Iranian Armenian composer and conductor (born 1937)

Loris Haykasi Tjeknavorian (Լորիս Ճգնավորյան; لوریس چکناواریان; born 13 October 1937) is an Iranian Armenian composer and conductor. He has appeared internationally as a conductor, serving as the principal conductor of the Armenian Philharmonic Orchestra from 1989 to 1998 and later from 1999 to 2000. As a composer Tjeknavorian has written 6 operas, 5 symphonies, choral works, chamber music, ballet music, piano and vocal works, concerti for piano, violin, guitar, cello and pipa, as well as music for documentary and feature films. Among his best known works are the opera Rostam and Sohrab, based on the story of Rostam and Sohrab from Ferdowsi's Shahnameh, and the ballet Simorgh.

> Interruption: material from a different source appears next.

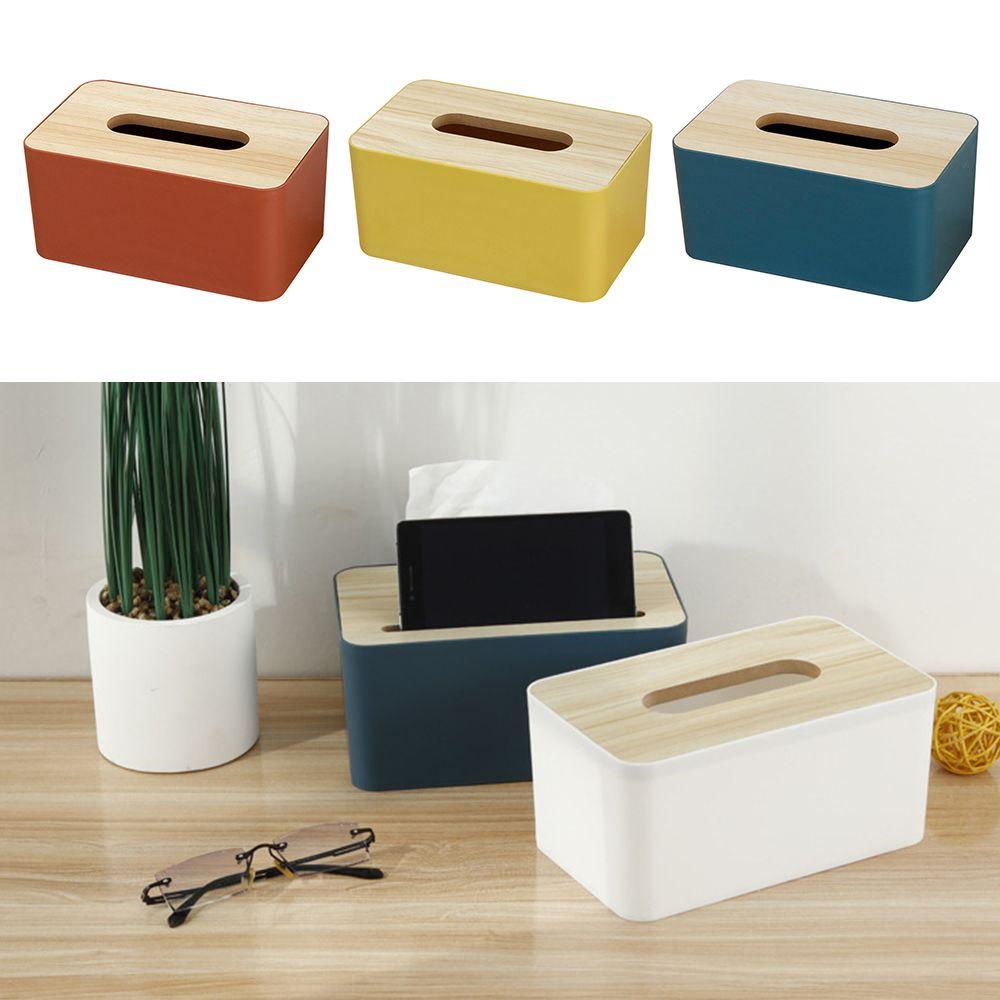 1 Hộp Đựng Khăn Giấy Bằng Gỗ Tiện Dụng Cho Nhà Tắm / Văn Phòng Giá Đ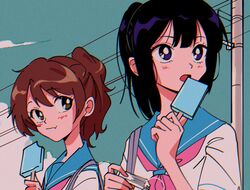  1990s_(style) 2girls bag black_hair blue_sailor_collar blush brown_eyes brown_hair closed_mouth cloud commentary eating film_grain flash_cards food hibike!_euphonium highres holding holding_food kitauji_high_school_uniform kousaka_reina long_hair looking_at_another looking_to_the_side multiple_girls neckerchief nzeneee open_mouth oumae_kumiko outdoors parody pink_neckerchief popsicle power_lines purple_eyes retro_artstyle sailor_collar school_bag school_uniform serafuku shirt short_sleeves sky style_parody utility_pole white_shirt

After study at the Vienna Music Academy, with Carl Orff at the Salzburg Mozarteum and the University of Michigan, he taught at the Tehran Conservatory. While based in the United Kingdom 1975 to 1985, he was a frequent conductor with various London orchestras and appeared internationally with orchestras in Iran, Israel, Japan, the Soviet Union and the United States. His early compositions evoke the work of Aram Khachaturian, while his oeuvre as a whole is heavily influenced by Armenian folk and sacred music.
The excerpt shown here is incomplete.